"If it's not right, if it's not protecting the American people, if the conditions aren't appropriate on the ground and proper to protect America, we're not going to enter into any deal."
That's U.S. Secretary of State Mike Pompeo telling CNN's Jake Tapper why the Trump administration withdrew from peace talks with Taliban leaders on Sunday. On Monday, the president said any such negotiations were "dead, as far as I'm concerned."
Over the weekend, President Trump tweeted that he'd invited Taliban leaders and Afghan President Ashraf Ghani to attend a secret summit at Camp David.
But President Trump said he suspended the meeting because the Taliban had claimed responsibility for a suicide bombing in Kabul last week. The attack killed at least 10 Afghan civilians and one U.S. service member. Taliban negotiators had reportedly said they'd travel to the U.S. only after a deal had been inked, and only to meet with the Trump administration.
The Afghan government is not recognized by the Taliban, nor has it been privy to the yearlong talks between U.S. and Taliban negotiators.
Further complicating matters were reports that the White House is divided over whether the negotiations are even necessary to end the 18-year war in Afghanistan.

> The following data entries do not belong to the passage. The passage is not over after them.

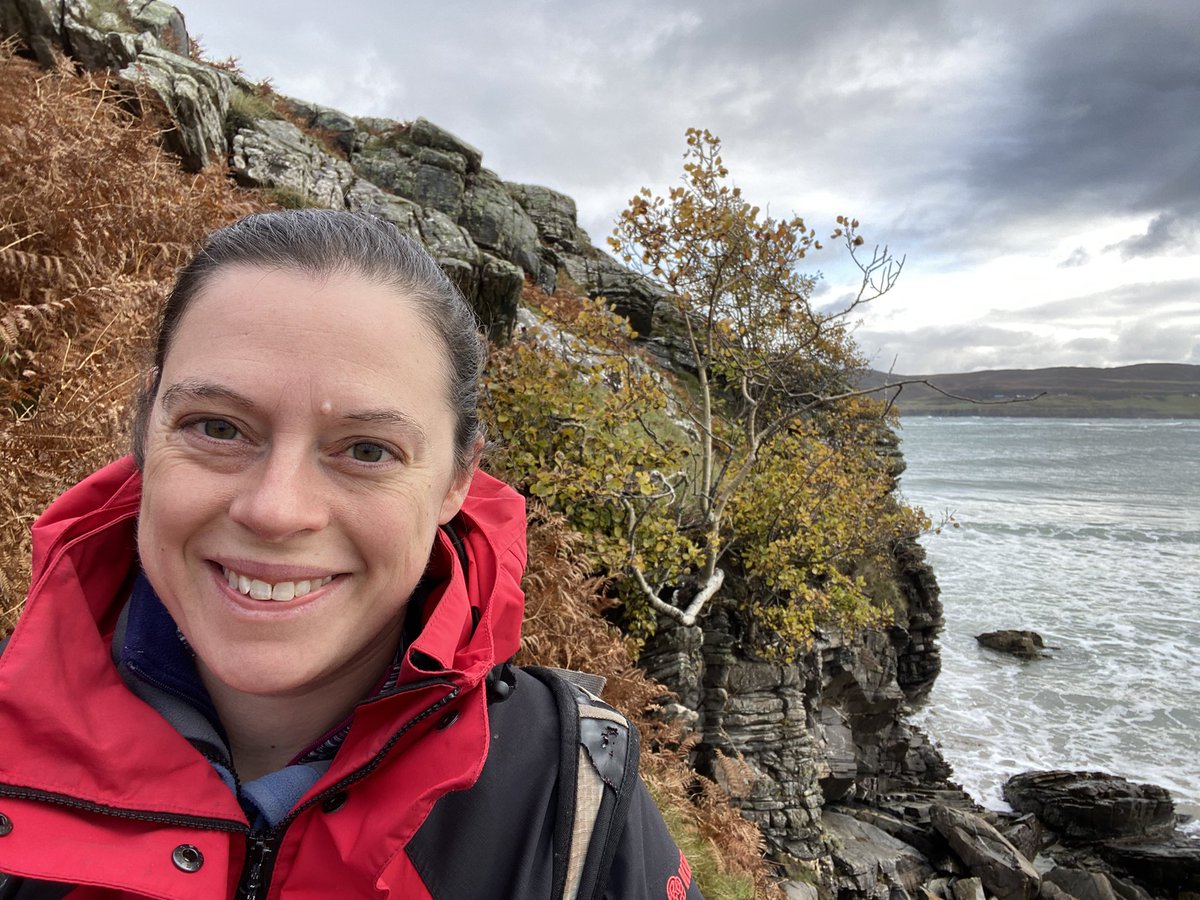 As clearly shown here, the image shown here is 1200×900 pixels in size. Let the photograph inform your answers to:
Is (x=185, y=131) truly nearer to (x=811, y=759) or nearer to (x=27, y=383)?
(x=27, y=383)

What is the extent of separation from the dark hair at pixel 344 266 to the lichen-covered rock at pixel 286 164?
9.43m

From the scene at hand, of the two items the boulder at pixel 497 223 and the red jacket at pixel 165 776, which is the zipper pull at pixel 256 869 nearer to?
the red jacket at pixel 165 776

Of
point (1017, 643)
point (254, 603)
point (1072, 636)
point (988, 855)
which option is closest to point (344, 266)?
point (254, 603)

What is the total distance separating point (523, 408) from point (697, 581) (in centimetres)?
382

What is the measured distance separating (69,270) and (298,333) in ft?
15.6

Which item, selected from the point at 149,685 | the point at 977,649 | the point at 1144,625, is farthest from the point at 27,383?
the point at 1144,625

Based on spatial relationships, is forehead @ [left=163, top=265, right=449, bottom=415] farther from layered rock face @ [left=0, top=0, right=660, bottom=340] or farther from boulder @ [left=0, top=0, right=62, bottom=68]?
boulder @ [left=0, top=0, right=62, bottom=68]

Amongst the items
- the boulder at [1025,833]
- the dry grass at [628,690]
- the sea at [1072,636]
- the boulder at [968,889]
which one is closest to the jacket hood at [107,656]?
the dry grass at [628,690]

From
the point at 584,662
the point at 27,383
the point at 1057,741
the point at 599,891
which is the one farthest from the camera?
the point at 1057,741

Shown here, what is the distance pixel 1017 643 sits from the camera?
2533cm

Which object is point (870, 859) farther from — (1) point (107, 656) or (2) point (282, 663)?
(1) point (107, 656)

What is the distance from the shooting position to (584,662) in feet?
20.3

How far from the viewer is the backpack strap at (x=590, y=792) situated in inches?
57.8

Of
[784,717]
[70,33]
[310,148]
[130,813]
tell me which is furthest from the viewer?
[310,148] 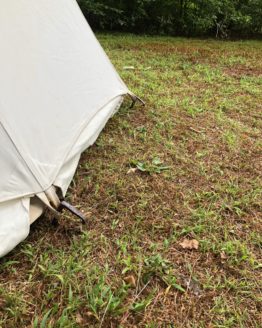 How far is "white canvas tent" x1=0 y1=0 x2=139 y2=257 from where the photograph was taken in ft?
5.60

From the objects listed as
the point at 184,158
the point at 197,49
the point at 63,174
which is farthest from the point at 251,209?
the point at 197,49

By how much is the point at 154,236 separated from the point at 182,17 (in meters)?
7.27

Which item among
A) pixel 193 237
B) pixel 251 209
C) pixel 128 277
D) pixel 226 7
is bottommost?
pixel 226 7

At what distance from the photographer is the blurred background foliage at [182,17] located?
7723 mm

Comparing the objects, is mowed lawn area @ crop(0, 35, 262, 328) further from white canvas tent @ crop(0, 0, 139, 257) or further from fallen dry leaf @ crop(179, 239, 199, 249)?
white canvas tent @ crop(0, 0, 139, 257)

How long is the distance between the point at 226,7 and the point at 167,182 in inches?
277

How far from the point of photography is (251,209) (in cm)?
216

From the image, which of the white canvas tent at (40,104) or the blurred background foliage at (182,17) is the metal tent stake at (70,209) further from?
the blurred background foliage at (182,17)

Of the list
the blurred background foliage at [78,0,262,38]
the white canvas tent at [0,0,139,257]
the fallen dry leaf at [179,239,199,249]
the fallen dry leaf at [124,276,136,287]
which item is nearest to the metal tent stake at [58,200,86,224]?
the white canvas tent at [0,0,139,257]

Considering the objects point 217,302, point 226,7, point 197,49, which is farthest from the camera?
point 226,7

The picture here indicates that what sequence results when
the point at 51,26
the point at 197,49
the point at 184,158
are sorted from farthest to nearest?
the point at 197,49 → the point at 184,158 → the point at 51,26

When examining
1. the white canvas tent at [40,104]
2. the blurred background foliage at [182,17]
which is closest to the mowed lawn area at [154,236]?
the white canvas tent at [40,104]

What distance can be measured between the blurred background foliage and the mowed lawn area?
→ 5.14 m

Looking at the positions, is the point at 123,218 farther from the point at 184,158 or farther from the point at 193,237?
the point at 184,158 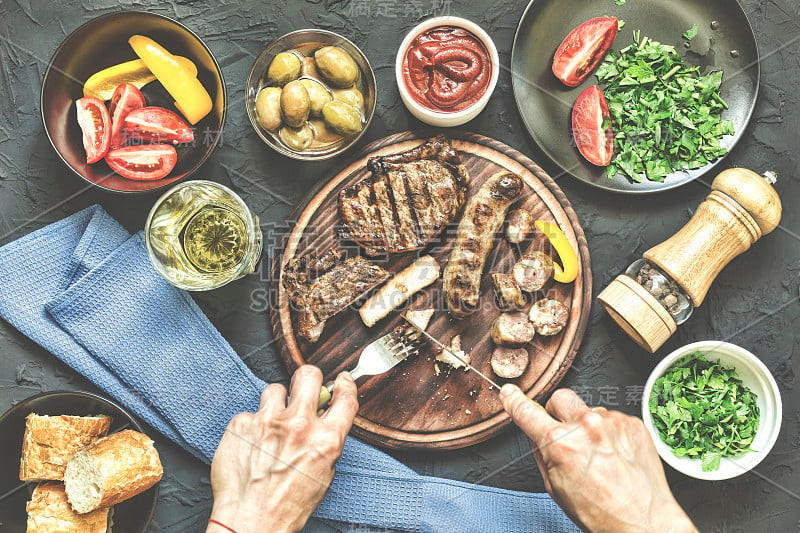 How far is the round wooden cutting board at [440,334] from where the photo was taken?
297 centimetres

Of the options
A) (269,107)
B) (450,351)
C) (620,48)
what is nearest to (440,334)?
(450,351)

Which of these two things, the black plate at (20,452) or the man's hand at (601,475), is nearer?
the man's hand at (601,475)

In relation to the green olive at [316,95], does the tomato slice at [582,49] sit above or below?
below

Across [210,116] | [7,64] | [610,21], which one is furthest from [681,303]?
[7,64]

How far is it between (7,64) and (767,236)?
13.1 feet

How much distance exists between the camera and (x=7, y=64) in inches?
121

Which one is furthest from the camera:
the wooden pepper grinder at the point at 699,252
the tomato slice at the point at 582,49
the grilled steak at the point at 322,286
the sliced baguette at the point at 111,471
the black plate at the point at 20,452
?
the tomato slice at the point at 582,49

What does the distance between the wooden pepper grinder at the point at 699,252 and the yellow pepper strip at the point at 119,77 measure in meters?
2.32

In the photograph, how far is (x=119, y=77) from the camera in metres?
2.90

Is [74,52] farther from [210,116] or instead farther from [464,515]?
[464,515]

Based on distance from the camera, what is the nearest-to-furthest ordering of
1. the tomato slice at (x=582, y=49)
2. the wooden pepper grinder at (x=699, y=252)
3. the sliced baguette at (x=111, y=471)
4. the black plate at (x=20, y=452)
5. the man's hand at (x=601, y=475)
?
the man's hand at (x=601, y=475), the sliced baguette at (x=111, y=471), the black plate at (x=20, y=452), the wooden pepper grinder at (x=699, y=252), the tomato slice at (x=582, y=49)

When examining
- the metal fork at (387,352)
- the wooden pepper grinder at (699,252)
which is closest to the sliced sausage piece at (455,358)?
the metal fork at (387,352)

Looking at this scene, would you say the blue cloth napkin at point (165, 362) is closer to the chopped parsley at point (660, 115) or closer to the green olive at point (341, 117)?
the green olive at point (341, 117)

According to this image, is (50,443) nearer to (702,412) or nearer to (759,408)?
(702,412) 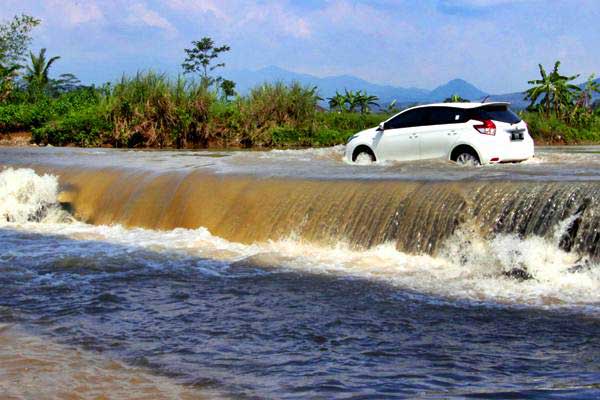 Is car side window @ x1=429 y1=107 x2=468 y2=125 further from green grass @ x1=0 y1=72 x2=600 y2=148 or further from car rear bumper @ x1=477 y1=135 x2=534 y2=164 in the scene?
green grass @ x1=0 y1=72 x2=600 y2=148

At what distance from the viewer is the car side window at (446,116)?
14.1 metres

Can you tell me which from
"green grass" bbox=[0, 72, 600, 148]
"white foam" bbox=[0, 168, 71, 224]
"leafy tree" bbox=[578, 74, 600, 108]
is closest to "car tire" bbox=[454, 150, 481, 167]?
"white foam" bbox=[0, 168, 71, 224]

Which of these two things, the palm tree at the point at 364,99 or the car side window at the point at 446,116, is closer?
the car side window at the point at 446,116

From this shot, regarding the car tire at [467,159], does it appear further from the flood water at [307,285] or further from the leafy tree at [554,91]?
the leafy tree at [554,91]

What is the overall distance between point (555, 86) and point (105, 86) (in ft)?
115

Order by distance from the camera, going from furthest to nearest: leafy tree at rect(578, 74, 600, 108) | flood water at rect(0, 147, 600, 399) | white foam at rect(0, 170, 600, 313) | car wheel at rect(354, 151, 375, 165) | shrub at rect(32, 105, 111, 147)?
leafy tree at rect(578, 74, 600, 108), shrub at rect(32, 105, 111, 147), car wheel at rect(354, 151, 375, 165), white foam at rect(0, 170, 600, 313), flood water at rect(0, 147, 600, 399)

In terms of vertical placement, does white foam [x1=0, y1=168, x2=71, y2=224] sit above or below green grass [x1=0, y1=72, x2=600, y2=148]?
below


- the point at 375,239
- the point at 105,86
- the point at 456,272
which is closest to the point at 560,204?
the point at 456,272

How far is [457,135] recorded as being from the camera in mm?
14062

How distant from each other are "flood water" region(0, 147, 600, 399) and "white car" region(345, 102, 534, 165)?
75 centimetres

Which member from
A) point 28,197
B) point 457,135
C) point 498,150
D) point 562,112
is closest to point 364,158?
point 457,135

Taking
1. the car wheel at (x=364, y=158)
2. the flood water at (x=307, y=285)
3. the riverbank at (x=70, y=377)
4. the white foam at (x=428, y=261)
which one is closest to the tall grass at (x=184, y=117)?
the car wheel at (x=364, y=158)

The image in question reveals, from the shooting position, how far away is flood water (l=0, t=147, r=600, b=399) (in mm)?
4945

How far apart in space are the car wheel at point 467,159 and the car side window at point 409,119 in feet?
3.86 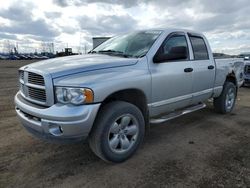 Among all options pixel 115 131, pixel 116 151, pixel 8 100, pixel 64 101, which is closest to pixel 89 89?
pixel 64 101

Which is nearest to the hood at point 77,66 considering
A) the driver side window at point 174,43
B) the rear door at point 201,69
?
the driver side window at point 174,43

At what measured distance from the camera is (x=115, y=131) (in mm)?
3449

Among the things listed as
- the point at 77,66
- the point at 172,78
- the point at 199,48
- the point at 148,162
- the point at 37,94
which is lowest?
the point at 148,162

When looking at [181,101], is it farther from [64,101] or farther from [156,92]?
[64,101]

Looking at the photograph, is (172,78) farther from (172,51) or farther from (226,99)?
(226,99)

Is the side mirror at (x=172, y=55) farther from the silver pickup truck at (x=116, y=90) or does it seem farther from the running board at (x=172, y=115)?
the running board at (x=172, y=115)

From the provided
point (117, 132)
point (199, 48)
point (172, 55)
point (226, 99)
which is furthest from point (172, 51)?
point (226, 99)

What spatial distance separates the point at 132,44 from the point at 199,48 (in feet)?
5.43

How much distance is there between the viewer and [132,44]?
14.3ft

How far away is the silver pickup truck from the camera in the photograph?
3025 mm

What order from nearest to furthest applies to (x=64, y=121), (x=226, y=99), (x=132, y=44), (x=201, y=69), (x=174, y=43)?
1. (x=64, y=121)
2. (x=132, y=44)
3. (x=174, y=43)
4. (x=201, y=69)
5. (x=226, y=99)

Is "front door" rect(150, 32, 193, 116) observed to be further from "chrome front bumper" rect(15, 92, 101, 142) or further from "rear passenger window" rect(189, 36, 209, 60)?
"chrome front bumper" rect(15, 92, 101, 142)

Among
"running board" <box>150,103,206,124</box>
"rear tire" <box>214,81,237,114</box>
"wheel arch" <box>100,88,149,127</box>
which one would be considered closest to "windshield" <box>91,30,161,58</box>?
"wheel arch" <box>100,88,149,127</box>

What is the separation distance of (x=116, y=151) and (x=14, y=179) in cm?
135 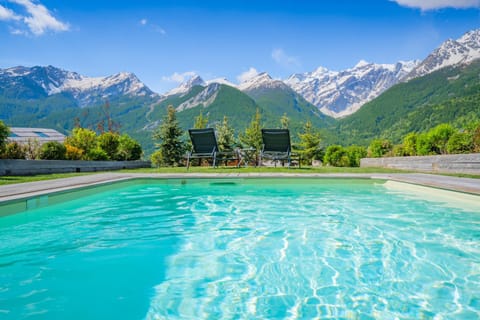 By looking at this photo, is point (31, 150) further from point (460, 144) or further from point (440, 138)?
point (440, 138)

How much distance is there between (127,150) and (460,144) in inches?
657

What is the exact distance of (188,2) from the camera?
19766 millimetres

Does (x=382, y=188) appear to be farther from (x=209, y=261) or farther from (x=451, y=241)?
(x=209, y=261)

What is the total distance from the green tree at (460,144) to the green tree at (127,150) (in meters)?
16.3

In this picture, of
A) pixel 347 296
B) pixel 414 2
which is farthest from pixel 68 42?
pixel 347 296

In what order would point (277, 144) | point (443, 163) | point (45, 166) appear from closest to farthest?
point (45, 166) < point (443, 163) < point (277, 144)

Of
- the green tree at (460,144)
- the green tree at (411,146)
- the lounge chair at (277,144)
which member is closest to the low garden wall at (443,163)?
the green tree at (460,144)

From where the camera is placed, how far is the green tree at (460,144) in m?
11.8

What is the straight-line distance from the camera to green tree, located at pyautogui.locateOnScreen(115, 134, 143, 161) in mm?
17983

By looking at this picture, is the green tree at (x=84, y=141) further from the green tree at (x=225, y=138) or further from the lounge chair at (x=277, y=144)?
the lounge chair at (x=277, y=144)

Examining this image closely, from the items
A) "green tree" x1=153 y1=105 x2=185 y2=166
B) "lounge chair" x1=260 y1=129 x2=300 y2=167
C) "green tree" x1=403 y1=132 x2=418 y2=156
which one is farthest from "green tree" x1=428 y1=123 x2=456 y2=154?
"green tree" x1=153 y1=105 x2=185 y2=166

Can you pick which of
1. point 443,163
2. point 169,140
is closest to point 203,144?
point 443,163

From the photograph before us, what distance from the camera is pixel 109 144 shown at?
636 inches

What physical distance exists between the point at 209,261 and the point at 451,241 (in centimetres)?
247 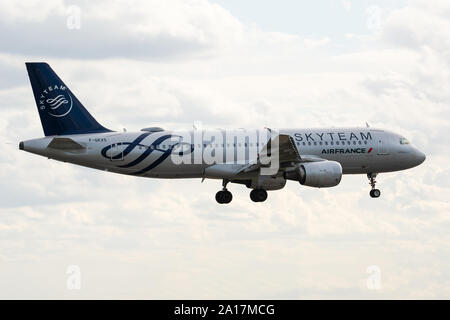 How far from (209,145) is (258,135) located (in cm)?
401

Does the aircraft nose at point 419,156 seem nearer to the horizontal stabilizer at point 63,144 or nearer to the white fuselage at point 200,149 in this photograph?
the white fuselage at point 200,149

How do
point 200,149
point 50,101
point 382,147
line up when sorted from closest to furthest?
point 50,101 < point 200,149 < point 382,147

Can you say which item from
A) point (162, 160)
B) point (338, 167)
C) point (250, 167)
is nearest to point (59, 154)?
point (162, 160)

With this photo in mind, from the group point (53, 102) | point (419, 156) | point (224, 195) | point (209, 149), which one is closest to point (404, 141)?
point (419, 156)

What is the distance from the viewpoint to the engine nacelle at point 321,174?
66.8m

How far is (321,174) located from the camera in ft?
219

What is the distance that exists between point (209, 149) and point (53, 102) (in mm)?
12592

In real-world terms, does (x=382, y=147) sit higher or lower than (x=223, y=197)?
higher

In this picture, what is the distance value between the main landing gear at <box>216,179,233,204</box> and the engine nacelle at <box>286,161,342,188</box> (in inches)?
307

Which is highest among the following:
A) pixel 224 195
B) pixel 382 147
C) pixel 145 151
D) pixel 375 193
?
pixel 382 147

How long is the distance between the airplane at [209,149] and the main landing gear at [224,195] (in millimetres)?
82

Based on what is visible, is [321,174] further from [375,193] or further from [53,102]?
[53,102]

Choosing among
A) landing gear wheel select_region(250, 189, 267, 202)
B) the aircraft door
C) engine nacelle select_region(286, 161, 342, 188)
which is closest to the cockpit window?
the aircraft door

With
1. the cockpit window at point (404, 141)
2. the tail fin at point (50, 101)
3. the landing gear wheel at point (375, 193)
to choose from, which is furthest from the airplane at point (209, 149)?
the landing gear wheel at point (375, 193) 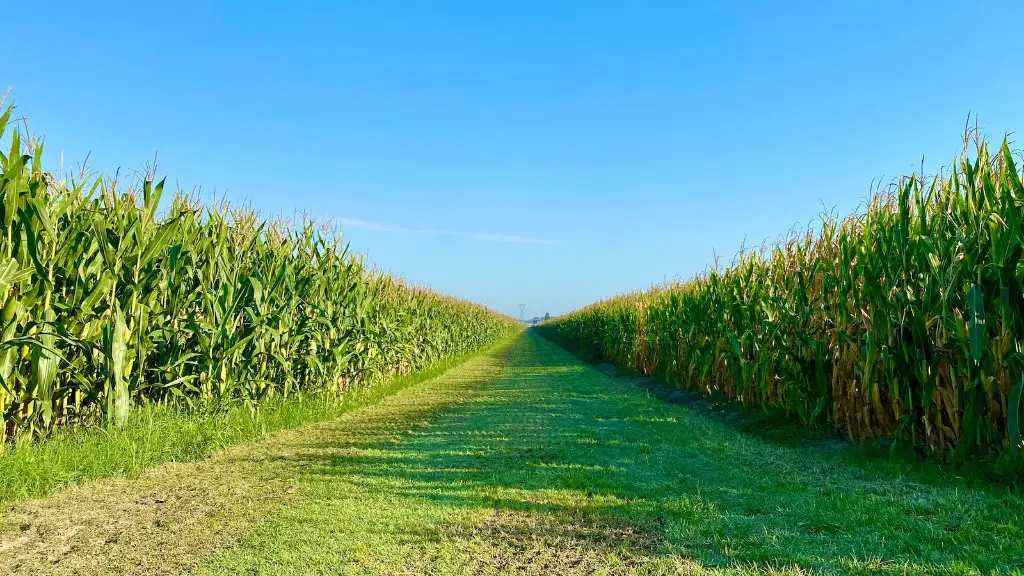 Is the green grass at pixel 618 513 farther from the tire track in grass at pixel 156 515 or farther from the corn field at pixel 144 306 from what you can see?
the corn field at pixel 144 306

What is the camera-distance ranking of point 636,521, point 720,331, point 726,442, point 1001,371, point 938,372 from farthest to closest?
point 720,331, point 726,442, point 938,372, point 1001,371, point 636,521

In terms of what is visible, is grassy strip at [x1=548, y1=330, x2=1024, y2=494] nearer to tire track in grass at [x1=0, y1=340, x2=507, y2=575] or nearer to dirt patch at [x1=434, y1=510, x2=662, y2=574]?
dirt patch at [x1=434, y1=510, x2=662, y2=574]

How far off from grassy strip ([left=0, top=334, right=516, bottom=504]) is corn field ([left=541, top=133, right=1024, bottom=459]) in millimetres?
6878

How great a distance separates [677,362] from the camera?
11883 millimetres

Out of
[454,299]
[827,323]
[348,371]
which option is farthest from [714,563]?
[454,299]

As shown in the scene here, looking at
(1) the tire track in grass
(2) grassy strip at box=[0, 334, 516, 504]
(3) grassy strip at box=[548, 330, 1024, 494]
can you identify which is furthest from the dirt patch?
(2) grassy strip at box=[0, 334, 516, 504]

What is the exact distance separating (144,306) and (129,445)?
4.50 feet

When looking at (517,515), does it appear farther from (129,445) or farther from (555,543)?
(129,445)

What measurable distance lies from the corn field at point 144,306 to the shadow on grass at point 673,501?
5.82 ft

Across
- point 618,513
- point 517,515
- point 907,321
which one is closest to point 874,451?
point 907,321

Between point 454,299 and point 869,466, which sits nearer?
point 869,466

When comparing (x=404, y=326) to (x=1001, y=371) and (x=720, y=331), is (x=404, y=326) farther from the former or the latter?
(x=1001, y=371)

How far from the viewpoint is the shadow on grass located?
3164 millimetres

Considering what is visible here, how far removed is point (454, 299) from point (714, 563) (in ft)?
70.4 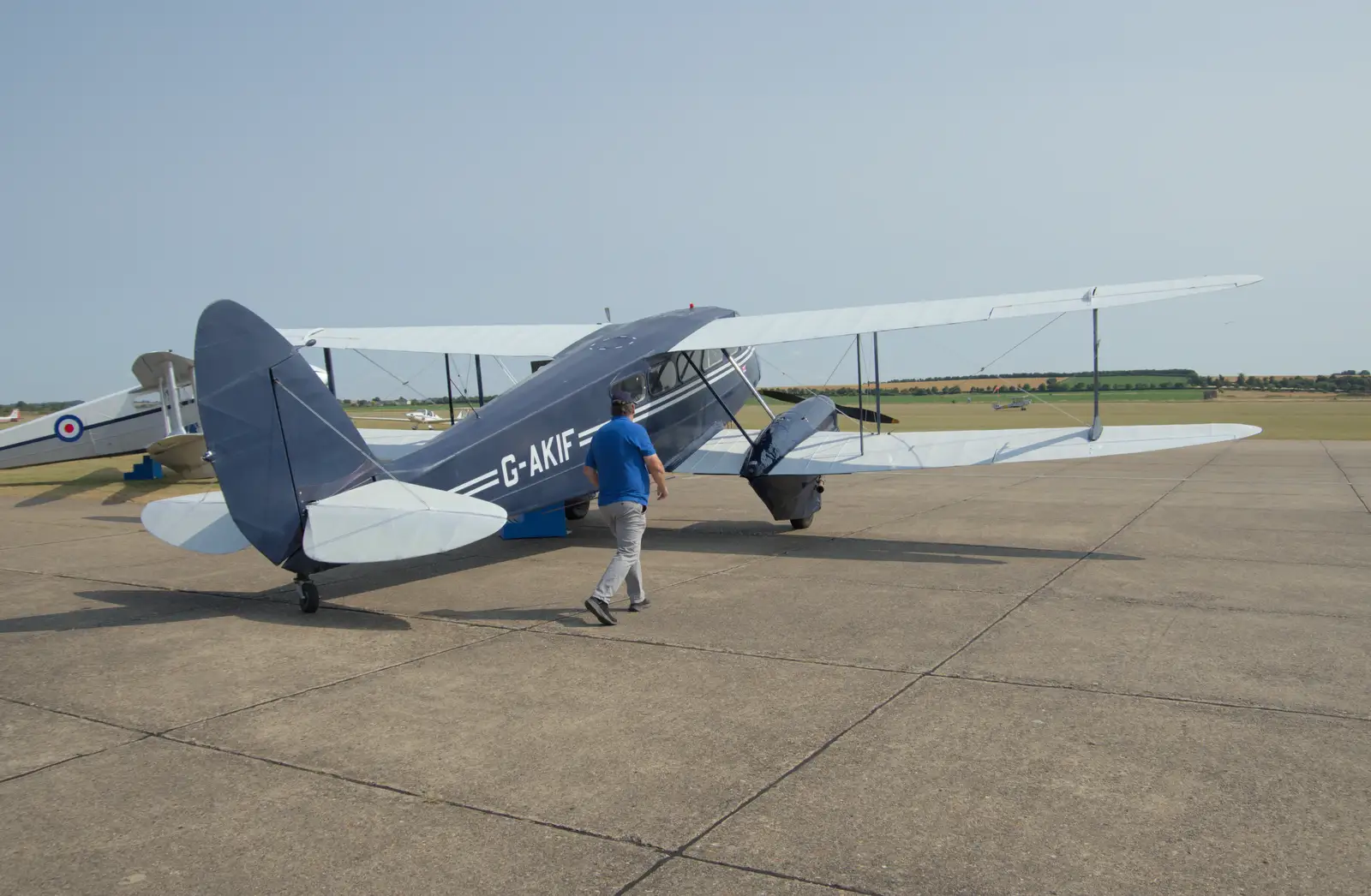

But last week, U.S. envoy Zalmay Khalilzad said the accord had been "finalized in principle."
Under the proposed deal, the U.S. would gradually withdraw thousands of troops in exchange for guarantees that Afghanistan would not serve as a base for attacks on the U.S. or its allies.
The Afghan government has said that proposal could destabilize things on the ground. President Ashraf Ghani, who's up for reelection, has urged the Taliban to hold peace talks directly with his government.
Thousands of Afghans have been killed or injured over the course of the U.S.-led campaign. On Monday, Ghani renewed his call for a cease-fire, saying his country is "now at a critical juncture because of the election and the peace process."